**Supplied data**
######
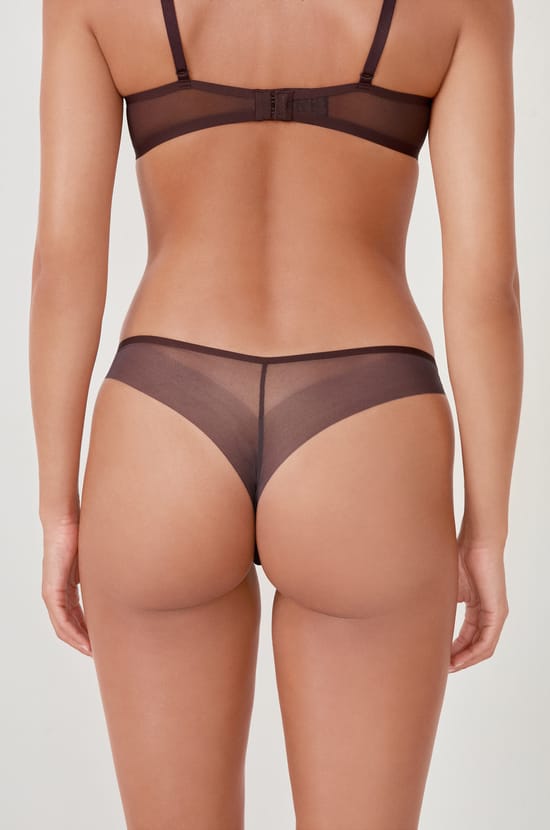 String transparent en tulle;${refinementColor}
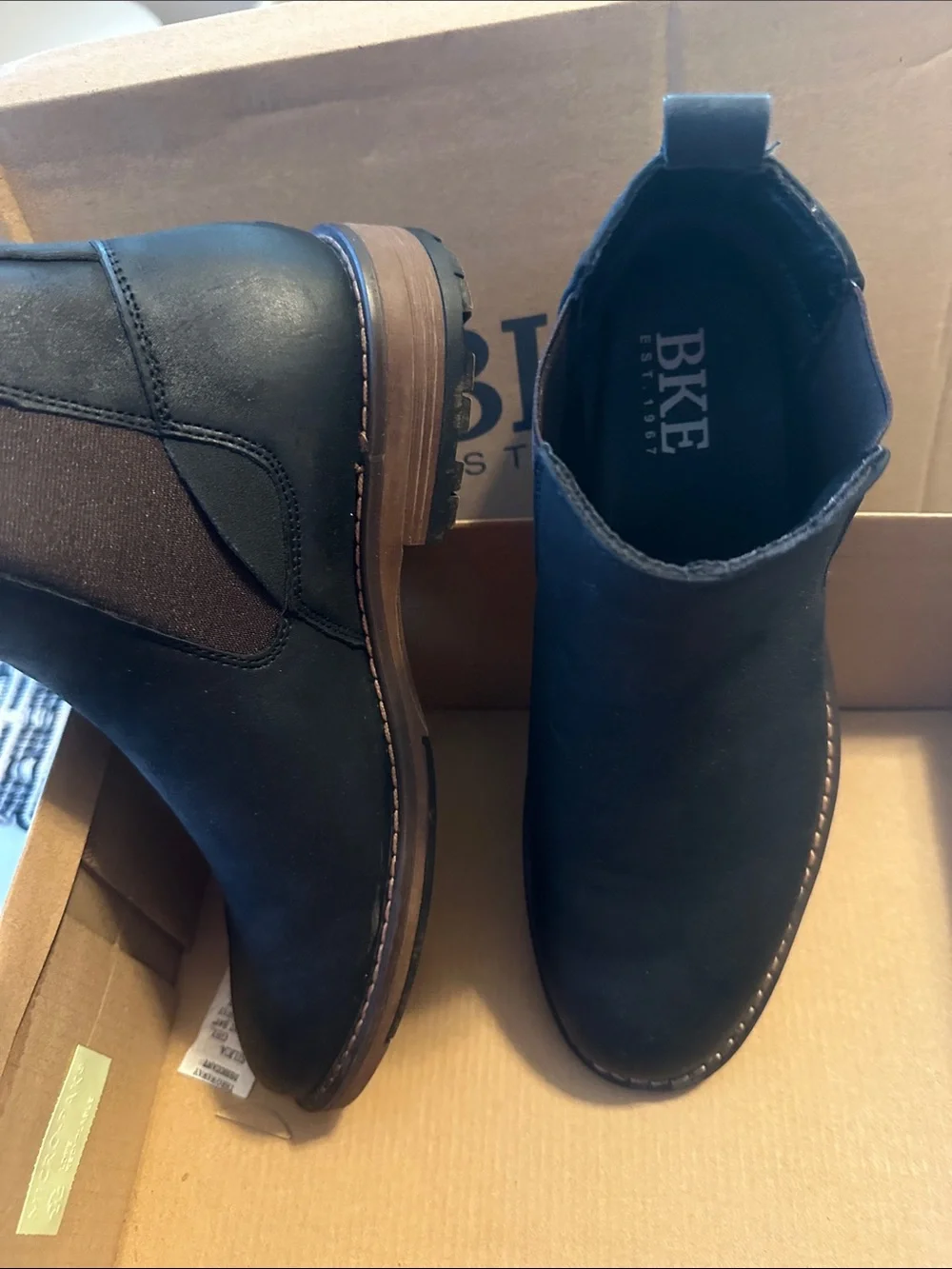 BKE Men’s Black Chukka Boots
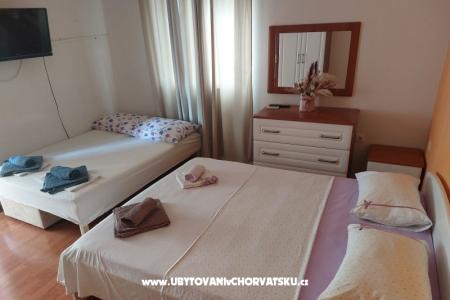 Apartments Maslina photo 3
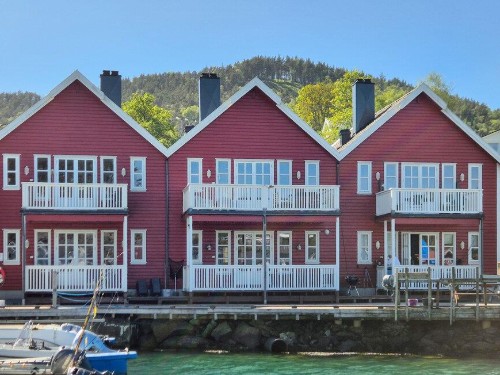 Holiday apartment - 5 persons -  - Fabrikkvegen - Sveio/Vestland - 5551 - Auklandshamn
######
**Problem to work on**
Reproduce the data exactly as it appears above. Pictures are to be left out.

**Response box**
 String transparent en tulle;${refinementColor}
 BKE Men’s Black Chukka Boots
 Apartments Maslina photo 3
 Holiday apartment - 5 persons -  - Fabrikkvegen - Sveio/Vestland - 5551 - Auklandshamn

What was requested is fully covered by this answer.